Just wanted to share my story with everyone here since reading so many stories from all of you had given the strength to cope with this stressful situation.
I am an ADN-BSN student. Finished my ADN in 2012 and decided to go straight for my BSN at a state university in CA. Now I am graduating with my BSN in a few months, I have been applying everywhere, filling any applications that I come across. No responses from anywhere since last October. I have always thought myself as a competitive nursing student. I have everything a new grad can put on the resume (leadership, gpa, awards, honors, volunteers), with the exception of nursing experience. I have one previous sales job for 1 yr and half.
Just when I was getting really depressed and discouraged, I received a call for interview with a very large plastic surgery, dermatology and laser clinic for a RN position. I will be mainly responsible for seeing pt for post-op follow-up and administer aesthetic injections (Botox, fillers, etc). I was offered the job on the spot due to my bilingual ability (they have a very large asian pt population). I started the job 3 weeks ago. Full time position: 9-6 and 5 days a week. Training was really interesting and challenging with injections and all the docs and nurses are nice. I was so grateful for this opportunity because I had a lot of financial pressure to start working.
Last Thursday, when I was at work, I received a missed call from a very strange number. The clinical director of the Maternal/Baby unit from the best hospital in my community left me a message in regards to my application for their new grad program and wanted to schedule an interview with me. Needless to say I was literally JUMPING UP AND DOWN after I heard the message. My mother worked in LD and Postpartum all her life as a RN and it seems like a dream come true.
However, things didn't happen as smoothly as I had hoped. I have been calling her like a maniac last Friday and this Monday but only reaching her voicemail. I left one message each day telling her I would love to schedule an interview with her. When she didn't call back Monday night, I completely broke down in my car. I was crying uncontrollably and I was sure I missed my chance of a lifetime. Overly dramatic, I know, but I prob applied for every single position available at this hospital for about 3 months and didn't even get one rejection letter. I felt a significant rush of sadness and depression, and I was so angry with myself for missing the call.

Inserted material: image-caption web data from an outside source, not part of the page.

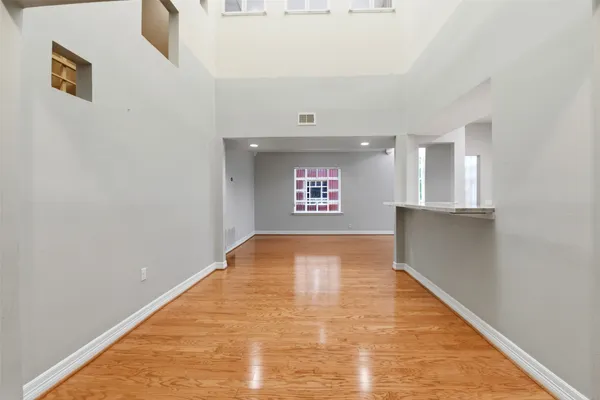 $3,300 | 4004 Montrose Boulevard, Unit 43, Houston, TX 77006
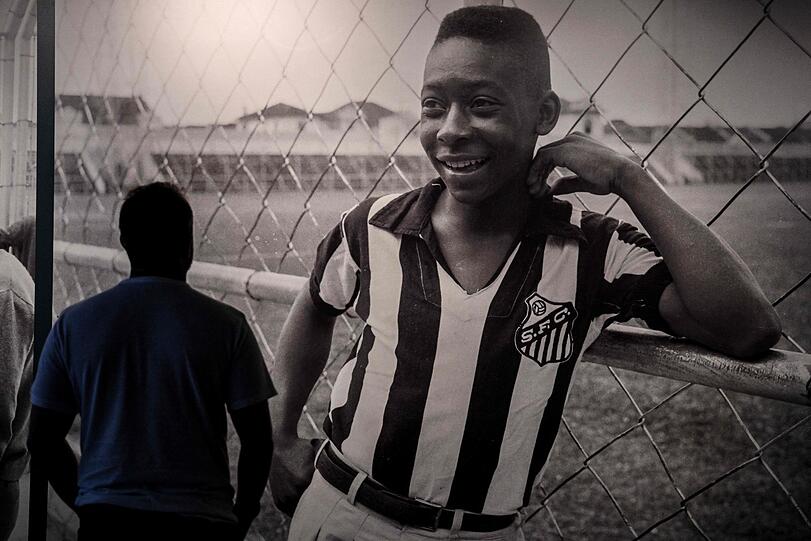 Der (ganz) junge Pelé, im Trikot des FC Santos.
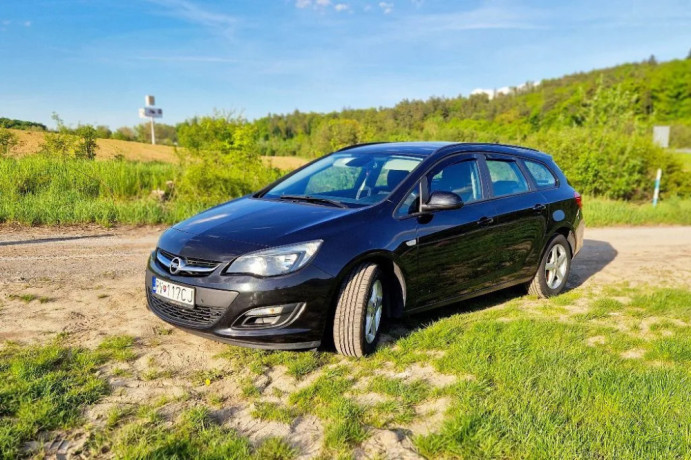 opel-astra-sport-tourer-astra-st-16-cdti-startstop-cosmo-81kw110hp-m6-big-0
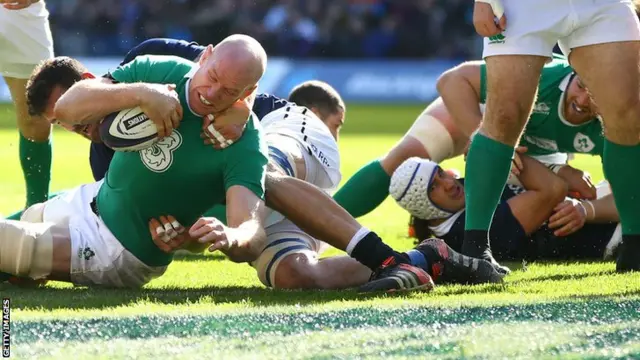 Paul O'Connell scores a try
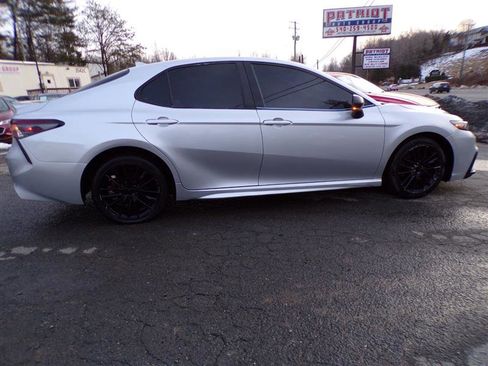 Used 2021 Toyota Camry SE w/ Convenience Package image 10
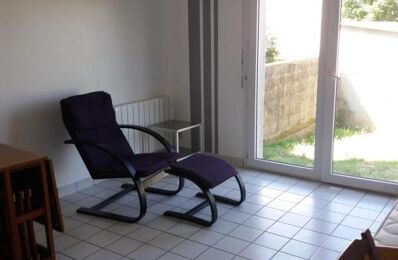 location appartement 420 € CC /mois à proximité de Larmor-Plage (56260)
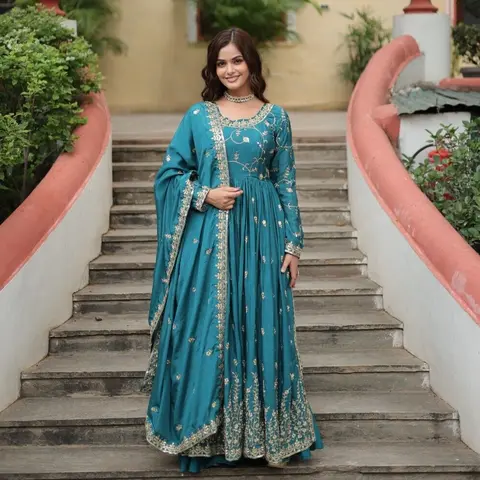 인도 Salwar Kameez 파티 착용 준비 완료
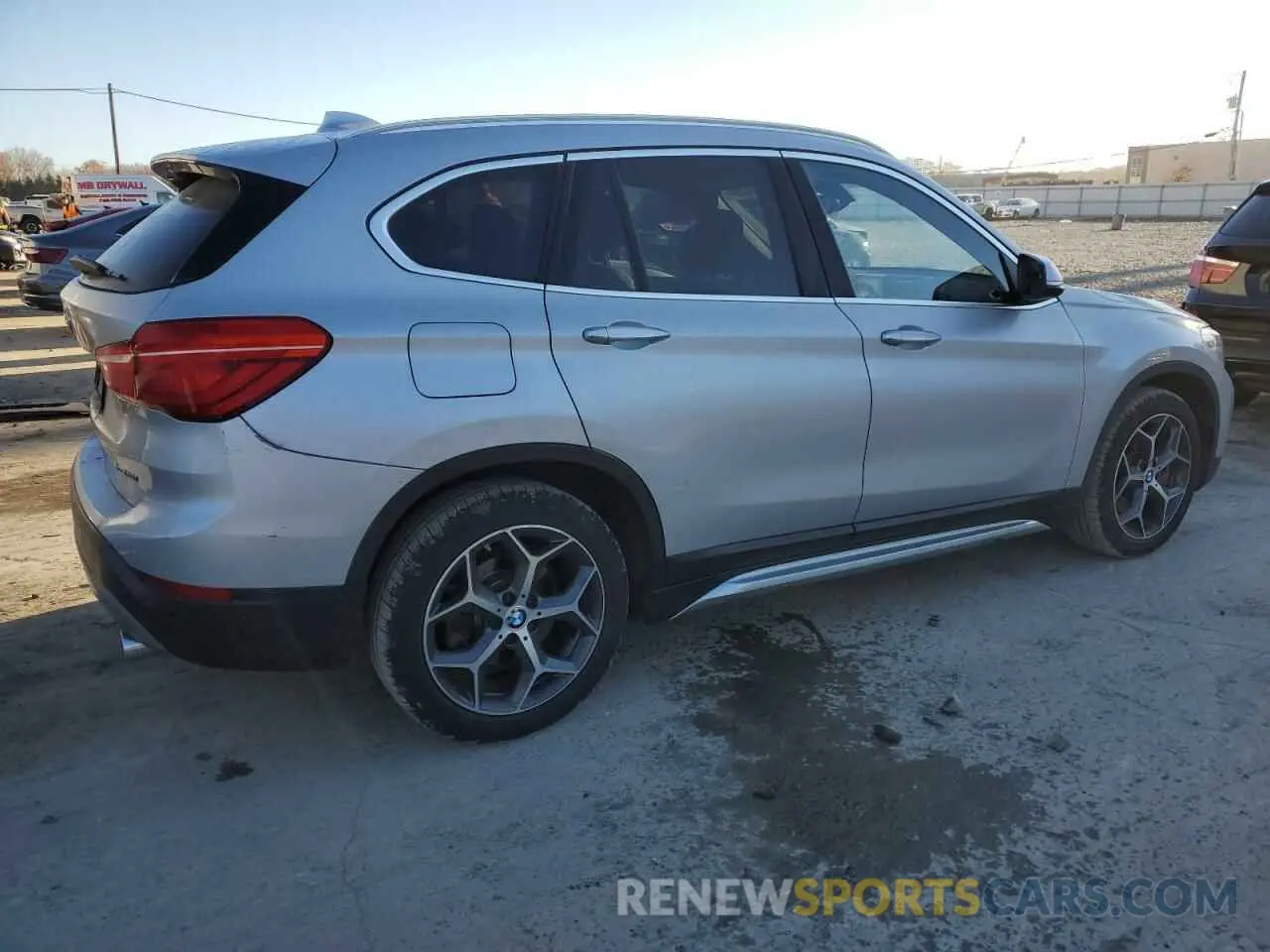 3 Фотография поврежденного автомобиля WBXHT3C55K5L89293 BMW X1 2019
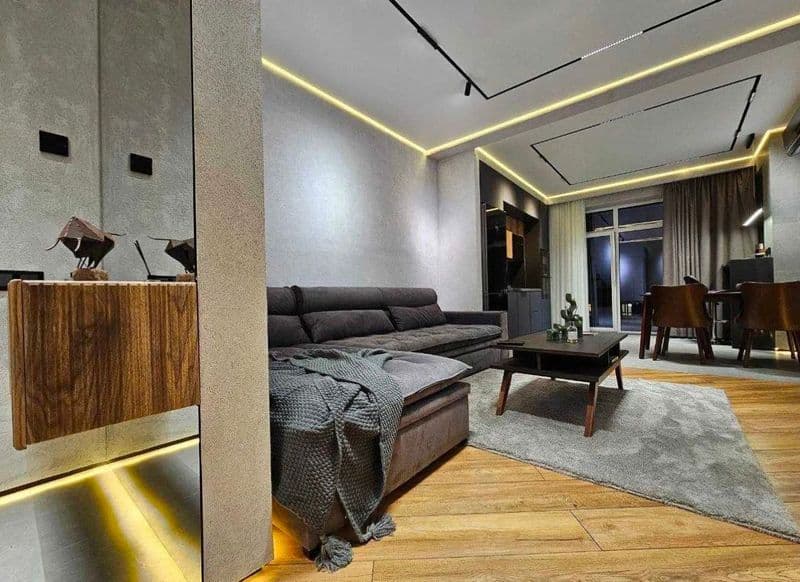 Ойбек нрж Сдаётся л новая шикарная квартира в элитном компле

On Tuesday, I decided to take a risk and called the unit to see if she has been out of the office for a few days (desperate, right?) I was able to speak to the assistant clinical director, who was such an angel, and I explained my situation to her and sounded just like a desperate new grad. She really resonated with my story and told me that she will give my information to the director in 10 minutes when they attend a meeting. This was 12pm. I waited by my phone for the next 5 hours and I kept telling myself to not hold my breath because surely she has already crossed my name off the interview list. 5:30pm, the director called me back and we had a great conversation over the phone (mainly me apologizing for spamming her with messages and thanking her over and over again for calling me back). She was very pleasant and said that she remember how it was like to be a new grad. Not surprisingly, she said that she had about 15 interview scheduled for 3 position and that's why she have not been checking her messages. However, she graciously offered me an opportunity to interview with her the following morning at 9:30am.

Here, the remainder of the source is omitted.